PostgreSQL Replication

Introduction

PostgreSQL replication is a critical feature that allows database administrators to create and maintain copies (replicas) of a PostgreSQL database across multiple servers. This functionality serves several important purposes in modern database administration:

High Availability: Ensures your database remains accessible even if one server fails
Load Balancing: Distributes read operations across multiple servers to improve performance
Data Backup: Creates redundant copies of your data for disaster recovery
Geographic Distribution: Places data closer to users in different regions to reduce latency

As a beginner PostgreSQL administrator, understanding replication concepts and implementation is essential for building robust, production-ready database systems.

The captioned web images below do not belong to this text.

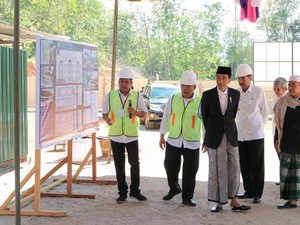 Pakai Peci dan Sarung, Jokowi Groundbreaking Ponpes di Mandailing Natal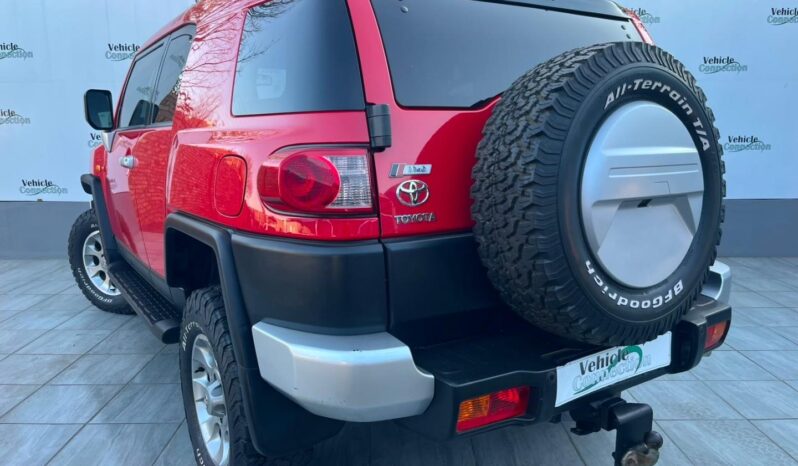 2012 Toyota FJ Cruiser FJ Cruiser full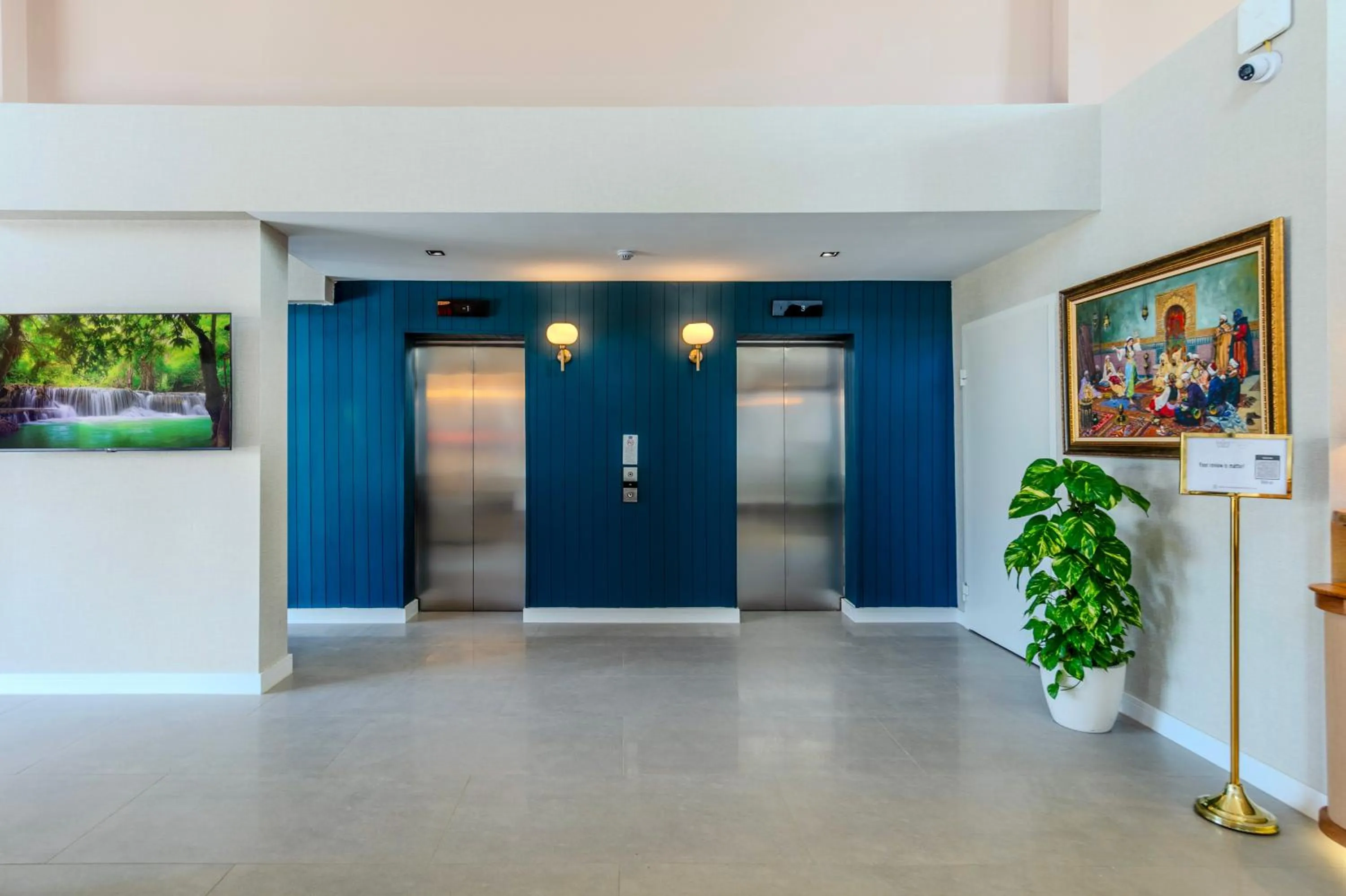 elevator in Nenessa Airport Hotel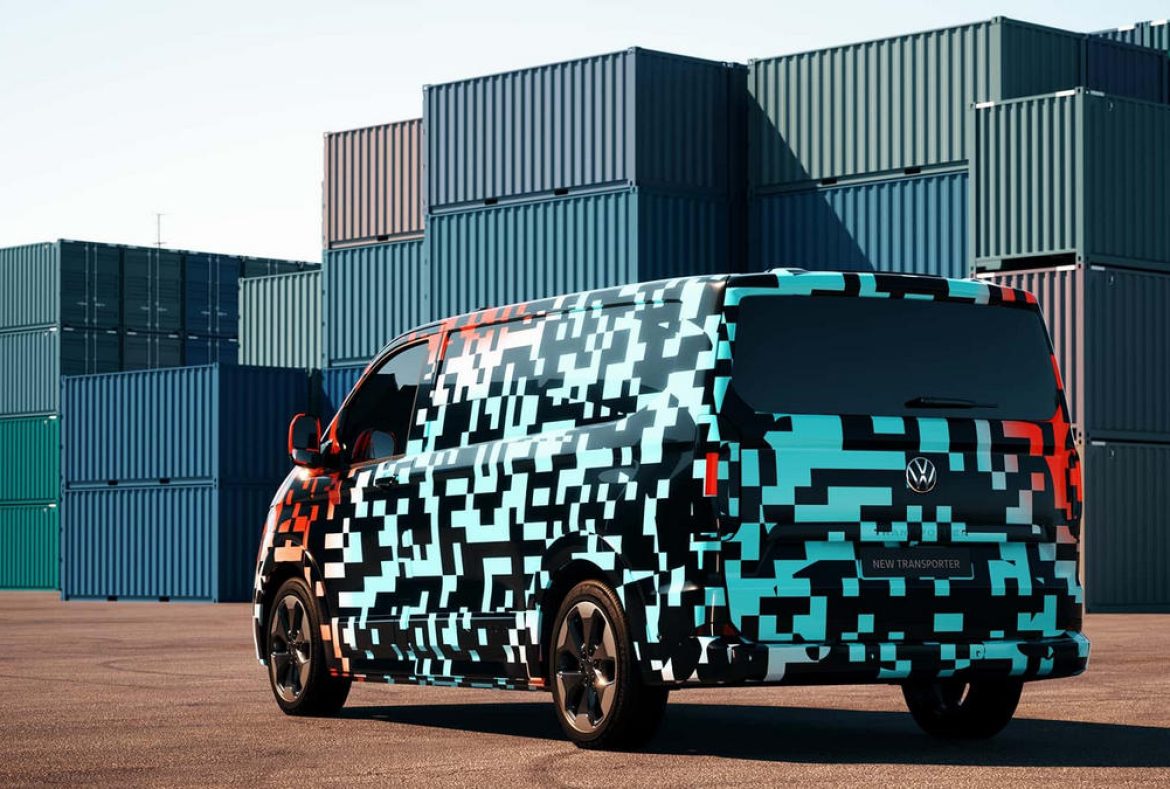 Volkswagen Transporter T7 2024, Tre quarti posteriore -13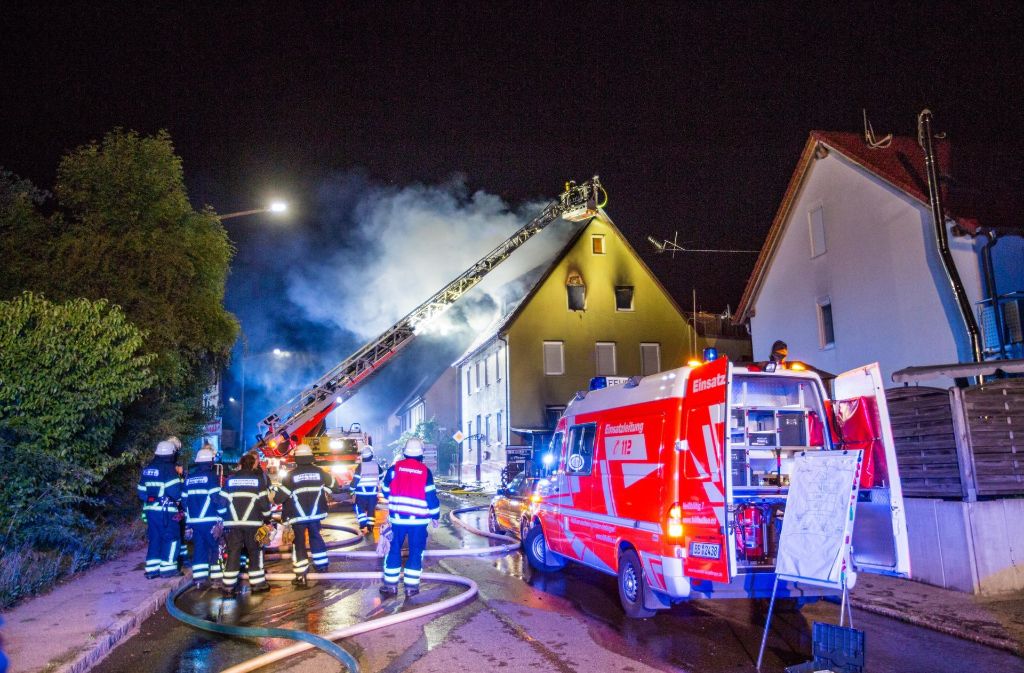 Die 14 Bewohner des Mehrfamilienhauses im Ortsteil Maichingen konnten sich alle selbst in Sicherheit bringen.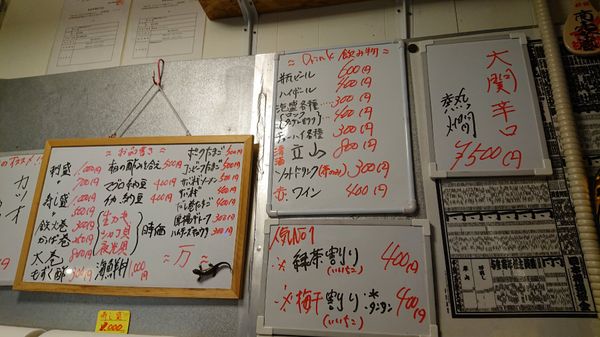 日本・沖縄「沖縄」の写真：夜の第一牧志公設市場付近。色々な店をはし...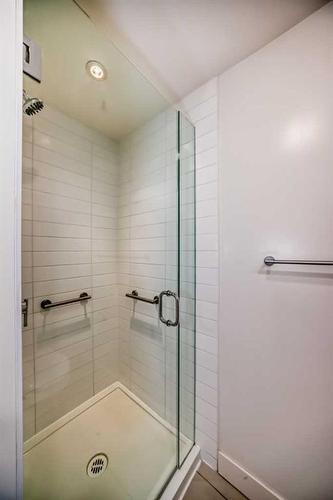 2502-1118 12Th Avenue Sw, Calgary, AB - Indoor Photo Showing Bathroom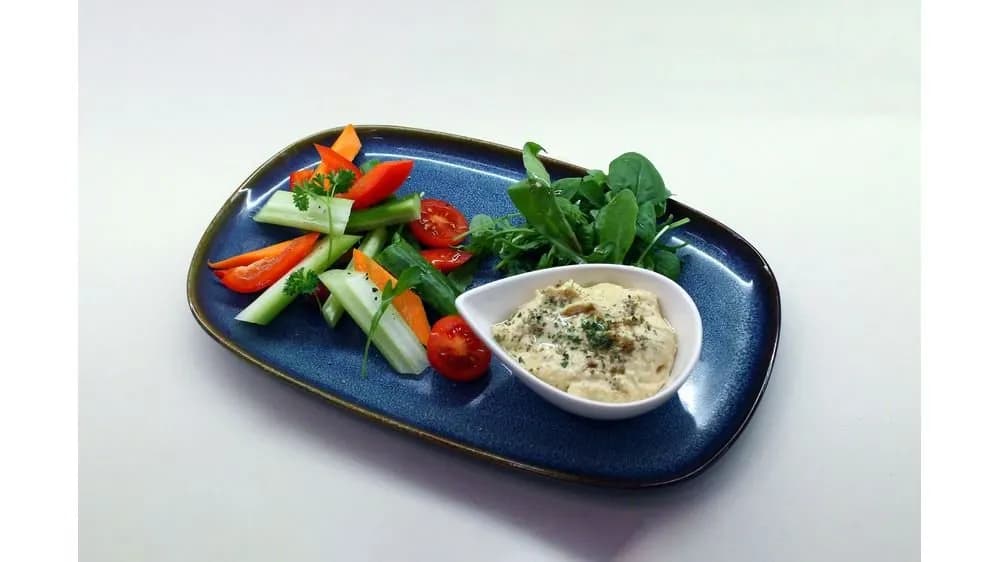Hummus serwowany z miksem warzyw i chlebem/ Hummus served wirh a selection of vegetables and bread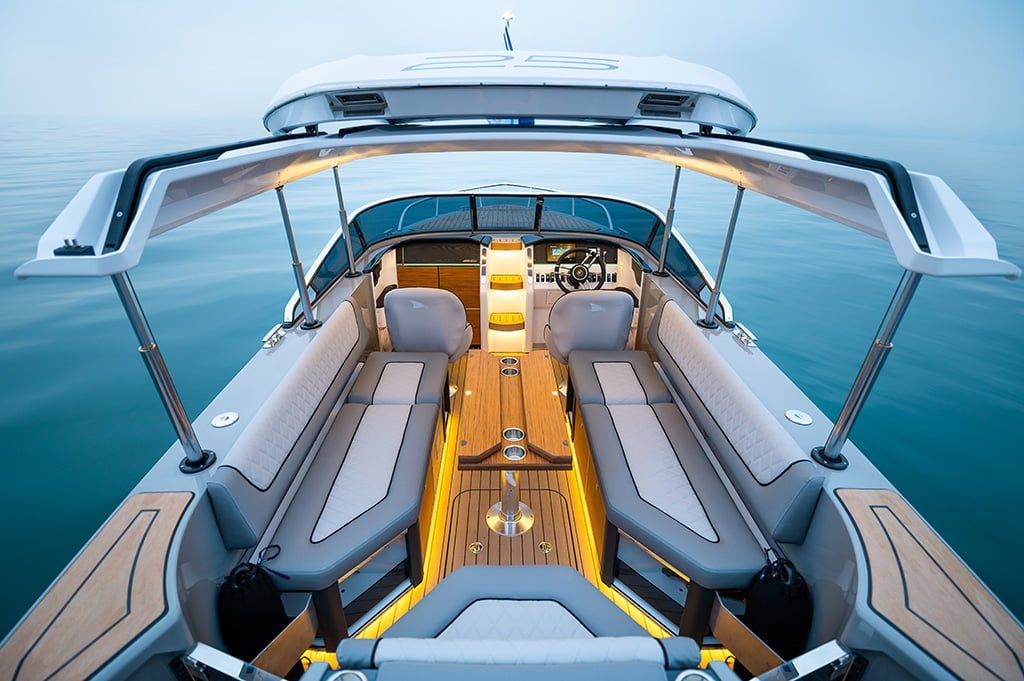 alfastreet-marine-25-cabin-outboard-deck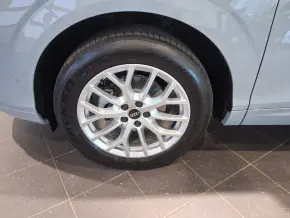 Audi Q3 35 TFSI thumbnail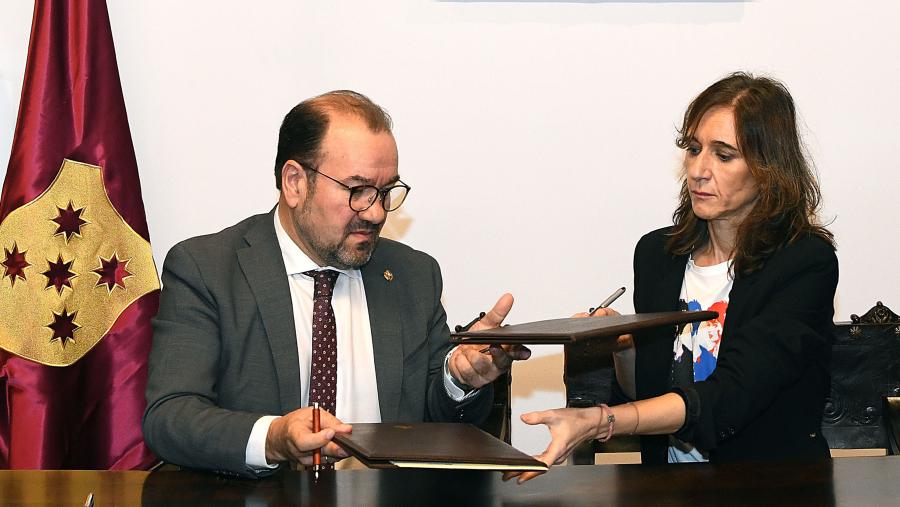 Antonio López e Carmen Pomar na sinatura do convenio Antonio López e Carmen Pomar na sinatura do convenio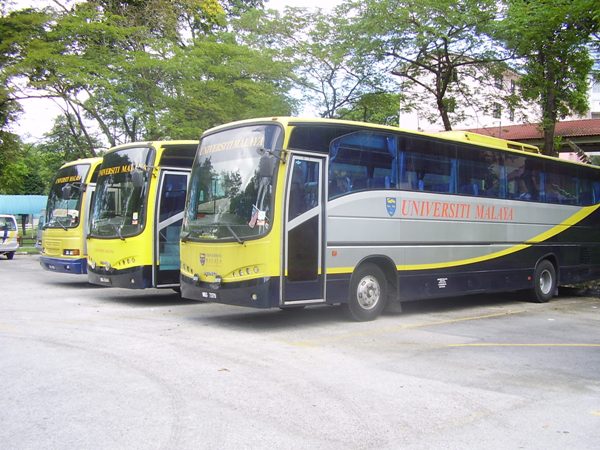 Um+Shuttle+Bus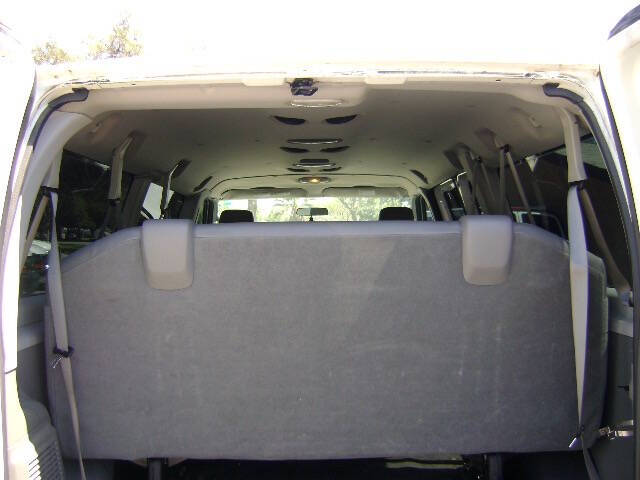 2011 Ford E-Series E-350 SD XL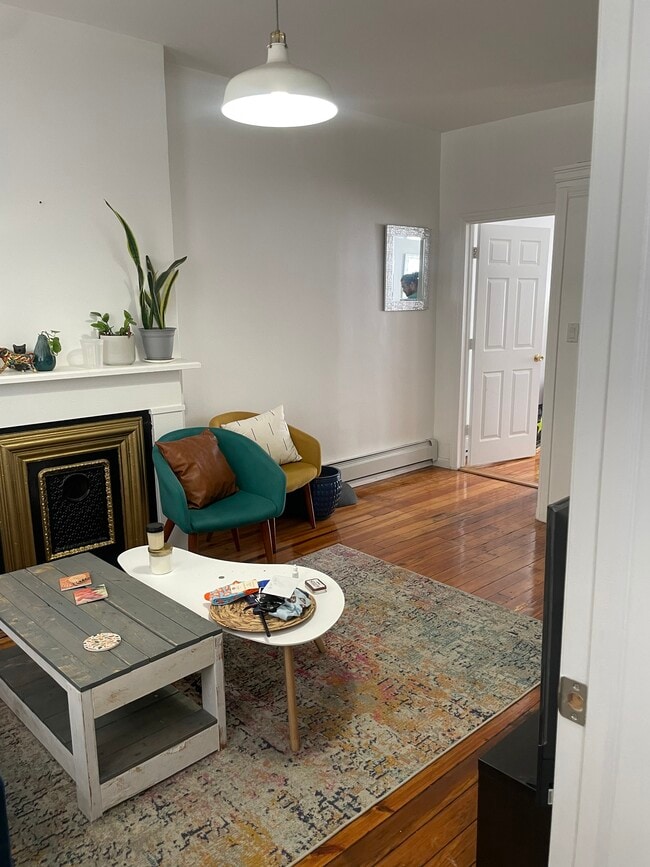 Building Photo - 53 6th Ave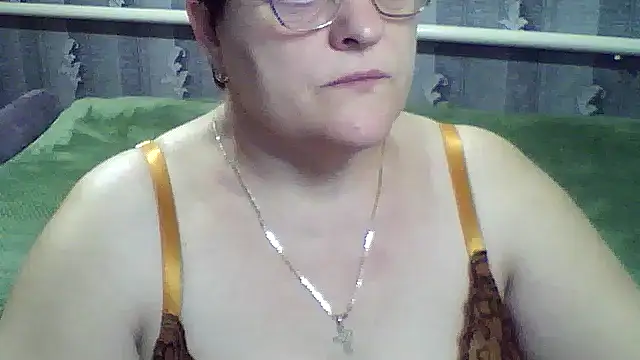 Snapshot of ElzaJewel chatting on March 22, 10:46 pm ElzaJewel online show from March 22, 10:46 pm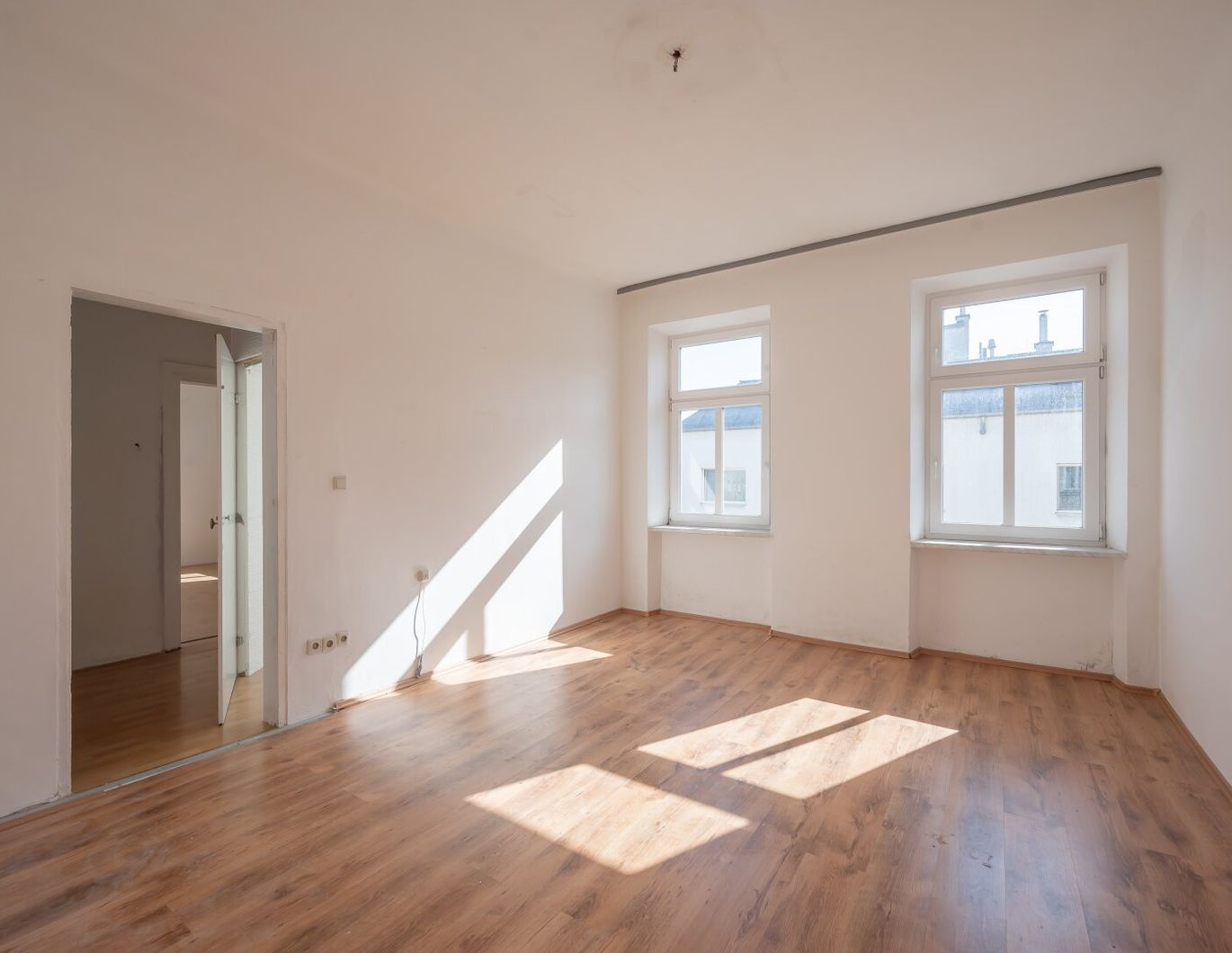 ++NEU++ sanierungsbedürftige 3 Zimmer Altbauwohnung - Umbau-Potenzial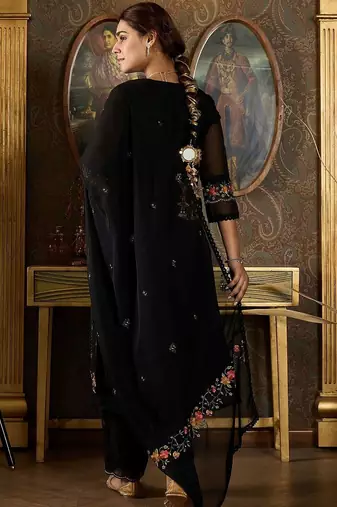 Women Floral Embroidered Regular Thread Work Kurta with Trousers & With Dupatta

This guide will walk you through the fundamentals of PostgreSQL replication, explain different replication methods, and provide practical examples to get you started.

Replication Concepts

Before diving into specific replication methods, let's understand some core concepts:

Primary vs Replica Servers

Primary Server (also called master): The main database server that accepts both read and write operations
Replica Server (also called standby): A server that maintains a copy of the primary's data

Synchronous vs Asynchronous Replication

Synchronous: The primary server waits for the replica to confirm data has been received before considering a transaction complete
Asynchronous: The primary server doesn't wait for confirmation from replicas, potentially allowing for some data loss in case of failover

Physical vs Logical Replication

Physical Replication: Copies the actual data files and WAL (Write-Ahead Log) entries byte-for-byte
Logical Replication: Replicates data changes at a logical level (INSERT, UPDATE, DELETE operations)

Let's visualize the basic replication setup:

Physical Replication

Physical replication in PostgreSQL is primarily implemented using WAL (Write-Ahead Log) shipping. When data changes occur on the primary server, these changes are first recorded in the WAL files before being applied to the actual data files. These WAL files can then be sent to replica servers to recreate the same changes.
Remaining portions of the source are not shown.